■ Prompt: Transcribe only the lines of the listing below from the one holding "Hot sale SG-12007C" through the one holding "Surchemise capuche VONDUTCH Rouge et Noir", inclusive, without any change.
---------- Record extracts
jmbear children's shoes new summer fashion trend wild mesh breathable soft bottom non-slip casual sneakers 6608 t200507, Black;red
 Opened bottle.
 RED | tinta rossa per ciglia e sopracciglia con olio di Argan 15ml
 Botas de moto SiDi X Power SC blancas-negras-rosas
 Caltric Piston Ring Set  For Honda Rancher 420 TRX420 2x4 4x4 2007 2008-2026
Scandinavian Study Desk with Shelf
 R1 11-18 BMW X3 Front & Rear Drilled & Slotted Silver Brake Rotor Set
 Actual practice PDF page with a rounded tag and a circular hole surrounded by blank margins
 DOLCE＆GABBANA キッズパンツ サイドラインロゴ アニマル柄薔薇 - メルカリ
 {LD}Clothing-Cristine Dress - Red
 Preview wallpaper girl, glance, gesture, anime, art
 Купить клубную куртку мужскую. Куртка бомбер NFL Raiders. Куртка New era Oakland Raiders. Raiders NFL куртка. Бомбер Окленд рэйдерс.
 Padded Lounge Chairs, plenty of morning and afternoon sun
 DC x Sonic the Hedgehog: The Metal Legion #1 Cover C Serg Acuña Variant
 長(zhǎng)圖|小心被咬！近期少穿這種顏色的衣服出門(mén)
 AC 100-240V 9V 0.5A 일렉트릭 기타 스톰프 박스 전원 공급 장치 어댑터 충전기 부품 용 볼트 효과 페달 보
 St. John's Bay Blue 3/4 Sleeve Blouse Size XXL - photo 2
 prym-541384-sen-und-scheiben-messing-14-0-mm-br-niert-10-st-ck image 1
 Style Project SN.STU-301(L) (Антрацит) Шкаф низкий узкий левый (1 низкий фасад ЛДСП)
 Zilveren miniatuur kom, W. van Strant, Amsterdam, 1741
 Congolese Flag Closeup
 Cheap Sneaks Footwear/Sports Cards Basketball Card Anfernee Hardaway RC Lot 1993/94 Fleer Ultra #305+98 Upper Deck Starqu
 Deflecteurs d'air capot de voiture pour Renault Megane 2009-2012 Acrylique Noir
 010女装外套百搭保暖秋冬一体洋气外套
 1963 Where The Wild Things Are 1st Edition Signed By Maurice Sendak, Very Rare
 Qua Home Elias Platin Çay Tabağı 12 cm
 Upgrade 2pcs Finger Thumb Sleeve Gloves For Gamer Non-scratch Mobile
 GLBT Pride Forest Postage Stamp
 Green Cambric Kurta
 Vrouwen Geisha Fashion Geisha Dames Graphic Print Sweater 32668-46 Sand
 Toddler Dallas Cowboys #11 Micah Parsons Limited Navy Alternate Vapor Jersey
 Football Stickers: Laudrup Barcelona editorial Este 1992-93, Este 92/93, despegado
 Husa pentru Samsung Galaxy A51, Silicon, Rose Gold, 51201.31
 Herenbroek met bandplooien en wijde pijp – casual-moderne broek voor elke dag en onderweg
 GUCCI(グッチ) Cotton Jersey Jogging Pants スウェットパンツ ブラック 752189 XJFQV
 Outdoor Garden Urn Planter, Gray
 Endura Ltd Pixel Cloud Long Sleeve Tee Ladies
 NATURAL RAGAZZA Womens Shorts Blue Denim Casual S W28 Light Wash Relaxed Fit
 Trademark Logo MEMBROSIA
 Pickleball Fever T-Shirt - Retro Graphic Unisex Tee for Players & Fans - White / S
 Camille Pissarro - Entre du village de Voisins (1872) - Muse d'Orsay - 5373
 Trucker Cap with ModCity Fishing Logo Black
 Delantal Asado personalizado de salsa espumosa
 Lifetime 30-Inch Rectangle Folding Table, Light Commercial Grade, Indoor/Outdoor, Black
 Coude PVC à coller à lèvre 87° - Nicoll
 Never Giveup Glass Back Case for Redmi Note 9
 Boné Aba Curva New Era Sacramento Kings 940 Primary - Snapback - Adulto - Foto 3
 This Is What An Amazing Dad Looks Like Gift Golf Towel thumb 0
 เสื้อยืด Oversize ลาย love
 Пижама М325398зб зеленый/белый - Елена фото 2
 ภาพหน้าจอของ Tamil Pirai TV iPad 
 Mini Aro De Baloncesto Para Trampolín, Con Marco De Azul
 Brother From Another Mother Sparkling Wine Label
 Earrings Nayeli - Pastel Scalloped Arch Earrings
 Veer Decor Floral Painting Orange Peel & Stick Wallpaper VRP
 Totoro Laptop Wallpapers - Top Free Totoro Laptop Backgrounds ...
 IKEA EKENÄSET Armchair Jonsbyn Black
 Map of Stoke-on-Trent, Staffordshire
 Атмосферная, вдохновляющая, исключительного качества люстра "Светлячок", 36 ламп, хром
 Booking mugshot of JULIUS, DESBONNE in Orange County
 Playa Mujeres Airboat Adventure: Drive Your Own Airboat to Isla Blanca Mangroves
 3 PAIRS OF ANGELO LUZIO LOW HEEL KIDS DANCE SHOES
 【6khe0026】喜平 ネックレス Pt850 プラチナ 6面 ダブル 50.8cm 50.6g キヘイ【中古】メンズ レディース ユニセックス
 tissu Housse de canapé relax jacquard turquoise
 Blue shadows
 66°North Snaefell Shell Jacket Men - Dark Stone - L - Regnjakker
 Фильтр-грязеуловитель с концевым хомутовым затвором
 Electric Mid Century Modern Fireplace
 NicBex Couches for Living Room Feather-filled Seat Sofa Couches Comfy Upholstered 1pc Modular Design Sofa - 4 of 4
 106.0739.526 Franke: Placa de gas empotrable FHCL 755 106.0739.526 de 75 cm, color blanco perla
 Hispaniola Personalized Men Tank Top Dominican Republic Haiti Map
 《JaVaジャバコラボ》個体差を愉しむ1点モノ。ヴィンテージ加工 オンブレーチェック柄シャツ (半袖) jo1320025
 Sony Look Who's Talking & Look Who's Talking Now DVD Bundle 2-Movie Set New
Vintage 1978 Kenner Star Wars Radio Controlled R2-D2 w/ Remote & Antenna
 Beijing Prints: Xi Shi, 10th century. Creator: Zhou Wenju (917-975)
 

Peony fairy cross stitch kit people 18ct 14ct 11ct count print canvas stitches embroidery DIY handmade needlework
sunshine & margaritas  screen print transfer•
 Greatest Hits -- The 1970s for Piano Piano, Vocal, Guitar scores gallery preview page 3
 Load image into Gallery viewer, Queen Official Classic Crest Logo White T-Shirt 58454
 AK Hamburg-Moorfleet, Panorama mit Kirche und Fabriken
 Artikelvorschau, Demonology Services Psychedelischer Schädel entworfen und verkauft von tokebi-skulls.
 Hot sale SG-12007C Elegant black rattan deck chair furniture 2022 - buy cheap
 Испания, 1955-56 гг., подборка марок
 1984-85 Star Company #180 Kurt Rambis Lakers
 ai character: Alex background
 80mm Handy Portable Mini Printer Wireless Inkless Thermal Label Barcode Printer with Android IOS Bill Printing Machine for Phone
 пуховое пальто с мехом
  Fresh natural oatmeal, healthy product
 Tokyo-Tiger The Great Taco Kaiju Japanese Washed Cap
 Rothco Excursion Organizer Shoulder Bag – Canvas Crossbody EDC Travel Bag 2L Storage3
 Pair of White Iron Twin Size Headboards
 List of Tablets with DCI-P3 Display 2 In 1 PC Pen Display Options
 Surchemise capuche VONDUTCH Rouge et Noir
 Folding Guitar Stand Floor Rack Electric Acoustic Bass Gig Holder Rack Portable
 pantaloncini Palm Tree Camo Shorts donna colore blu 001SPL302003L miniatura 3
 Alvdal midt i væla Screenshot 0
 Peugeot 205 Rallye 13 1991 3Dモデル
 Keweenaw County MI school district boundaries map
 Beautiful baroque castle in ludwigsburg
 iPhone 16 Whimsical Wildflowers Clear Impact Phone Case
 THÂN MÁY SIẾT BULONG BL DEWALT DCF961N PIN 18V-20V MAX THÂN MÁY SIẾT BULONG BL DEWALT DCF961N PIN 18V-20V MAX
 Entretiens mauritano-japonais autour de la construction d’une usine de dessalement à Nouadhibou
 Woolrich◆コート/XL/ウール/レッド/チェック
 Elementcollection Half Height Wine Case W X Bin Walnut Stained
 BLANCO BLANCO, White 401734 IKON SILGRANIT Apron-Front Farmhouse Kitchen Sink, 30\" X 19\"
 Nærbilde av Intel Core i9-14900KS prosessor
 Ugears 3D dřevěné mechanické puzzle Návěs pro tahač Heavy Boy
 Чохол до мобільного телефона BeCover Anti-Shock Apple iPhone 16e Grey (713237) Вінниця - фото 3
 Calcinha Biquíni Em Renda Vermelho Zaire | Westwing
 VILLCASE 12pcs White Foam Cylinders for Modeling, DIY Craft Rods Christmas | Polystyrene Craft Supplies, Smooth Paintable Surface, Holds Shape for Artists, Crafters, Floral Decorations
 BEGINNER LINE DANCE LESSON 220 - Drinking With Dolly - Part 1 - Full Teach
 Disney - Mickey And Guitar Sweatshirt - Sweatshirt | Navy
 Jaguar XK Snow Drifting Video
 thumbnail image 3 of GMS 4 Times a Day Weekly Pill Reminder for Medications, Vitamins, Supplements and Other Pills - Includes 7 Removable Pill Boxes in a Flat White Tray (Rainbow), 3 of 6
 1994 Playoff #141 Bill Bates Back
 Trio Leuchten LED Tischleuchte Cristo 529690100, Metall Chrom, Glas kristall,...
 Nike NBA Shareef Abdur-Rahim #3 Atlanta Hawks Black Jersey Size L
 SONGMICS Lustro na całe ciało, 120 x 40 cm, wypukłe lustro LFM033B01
--------------------
■ The answer:
 Hot sale SG-12007C Elegant black rattan deck chair furniture 2022 - buy cheap
 Испания, 1955-56 гг., подборка марок
 1984-85 Star Company #180 Kurt Rambis Lakers
 ai character: Alex background
 80mm Handy Portable Mini Printer Wireless Inkless Thermal Label Barcode Printer with Android IOS Bill Printing Machine for Phone
 пуховое пальто с мехом
  Fresh natural oatmeal, healthy product
 Tokyo-Tiger The Great Taco Kaiju Japanese Washed Cap
 Rothco Excursion Organizer Shoulder Bag – Canvas Crossbody EDC Travel Bag 2L Storage3
 Pair of White Iron Twin Size Headboards
 List of Tablets with DCI-P3 Display 2 In 1 PC Pen Display Options
 Surchemise capuche VONDUTCH Rouge et Noir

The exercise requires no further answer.